**Excerpted records**
____________

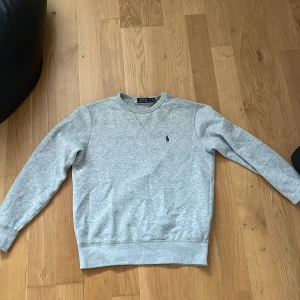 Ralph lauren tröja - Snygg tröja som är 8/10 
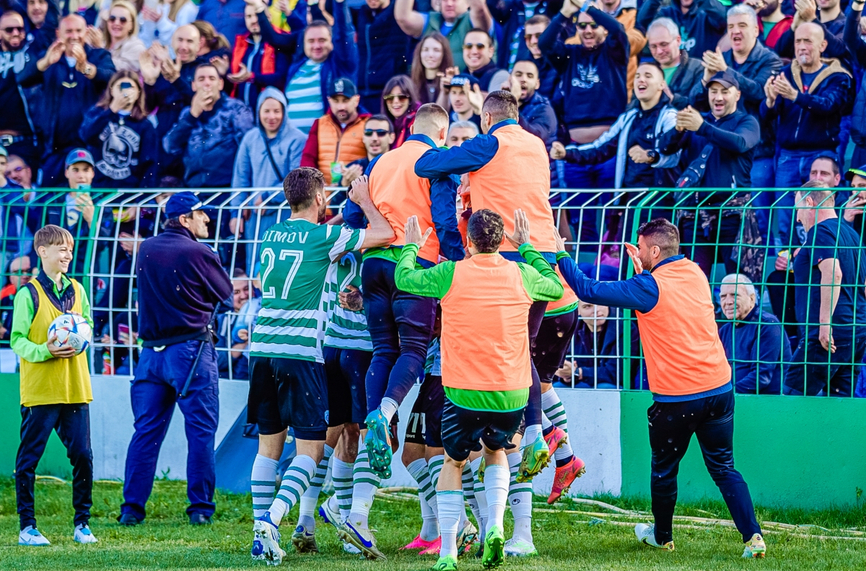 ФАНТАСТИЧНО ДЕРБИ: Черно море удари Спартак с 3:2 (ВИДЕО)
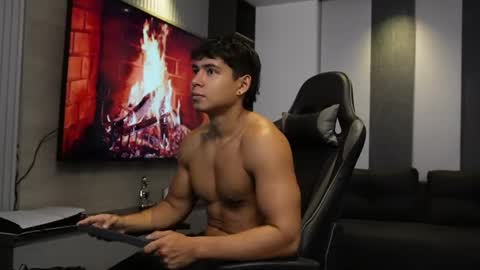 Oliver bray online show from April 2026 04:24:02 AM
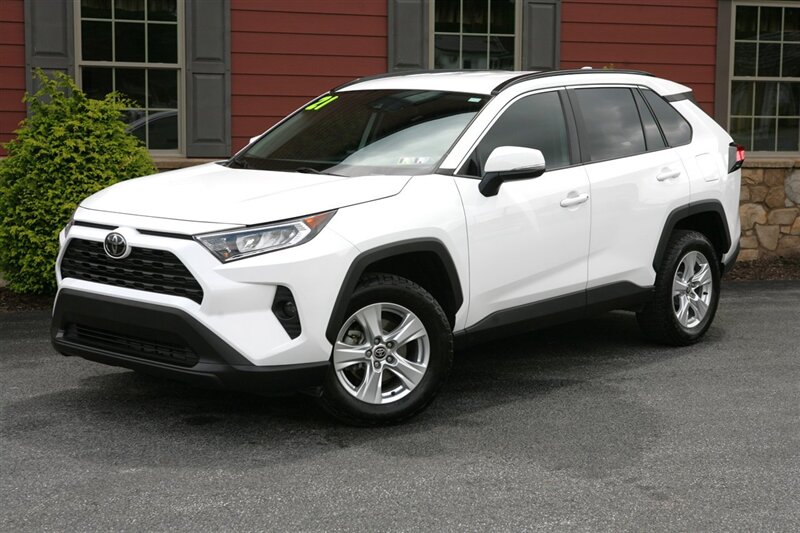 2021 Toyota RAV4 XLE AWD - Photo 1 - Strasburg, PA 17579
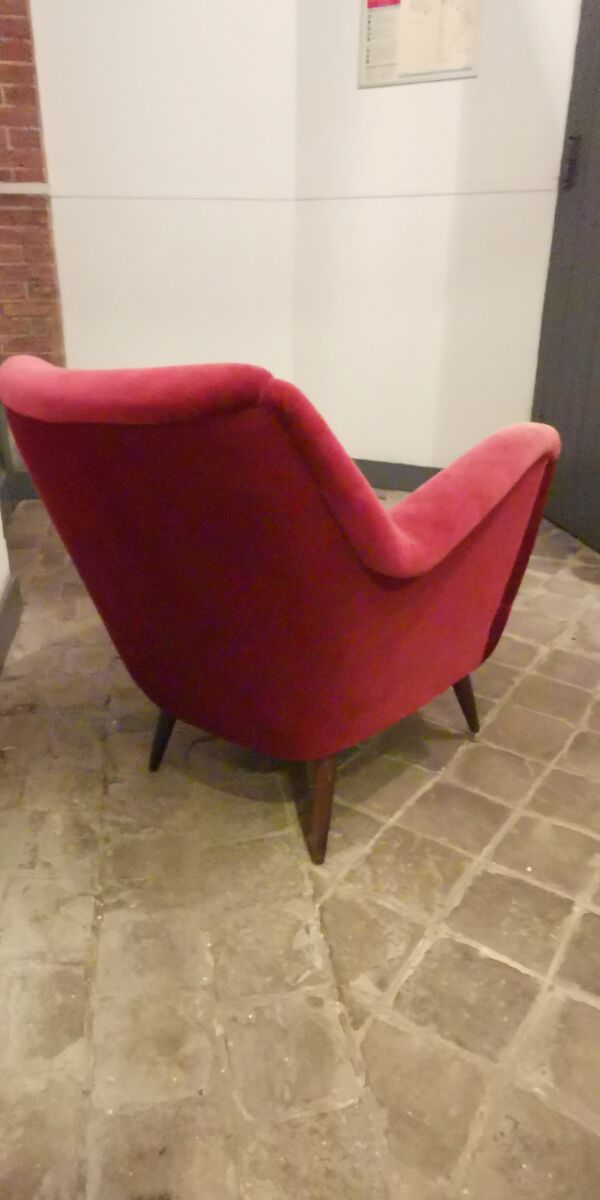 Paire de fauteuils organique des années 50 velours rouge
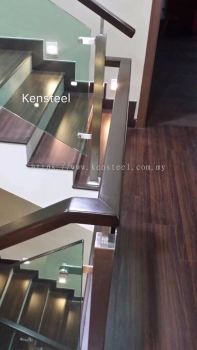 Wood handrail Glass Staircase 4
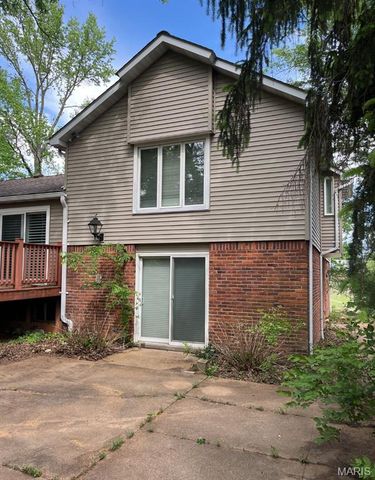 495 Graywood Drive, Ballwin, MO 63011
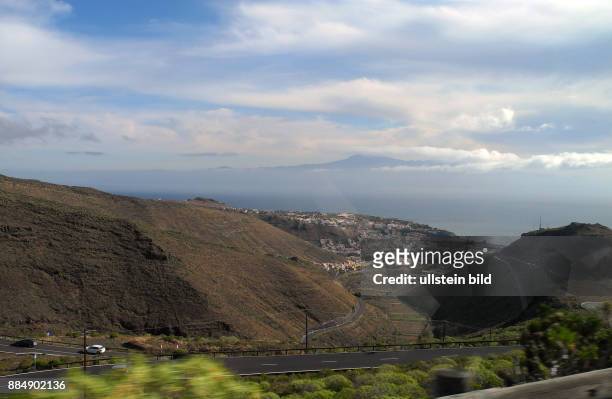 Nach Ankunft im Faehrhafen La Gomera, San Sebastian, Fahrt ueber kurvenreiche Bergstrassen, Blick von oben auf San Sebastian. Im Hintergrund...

____________

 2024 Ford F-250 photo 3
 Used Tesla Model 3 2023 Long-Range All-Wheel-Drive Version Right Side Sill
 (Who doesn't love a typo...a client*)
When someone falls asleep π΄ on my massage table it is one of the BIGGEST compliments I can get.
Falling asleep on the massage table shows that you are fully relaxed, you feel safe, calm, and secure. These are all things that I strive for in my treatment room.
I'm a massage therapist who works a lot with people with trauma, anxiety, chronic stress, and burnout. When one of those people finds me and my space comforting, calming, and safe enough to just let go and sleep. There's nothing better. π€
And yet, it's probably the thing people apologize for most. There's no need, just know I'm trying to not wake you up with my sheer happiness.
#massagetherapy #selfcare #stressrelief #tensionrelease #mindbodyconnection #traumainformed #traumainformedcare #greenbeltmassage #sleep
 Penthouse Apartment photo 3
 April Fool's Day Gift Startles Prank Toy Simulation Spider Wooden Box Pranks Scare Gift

____________

**What you are asked to do**
Within the listing, how many lines carry the word "just"? Answer with the number alone.

**Solution to this exercise**
2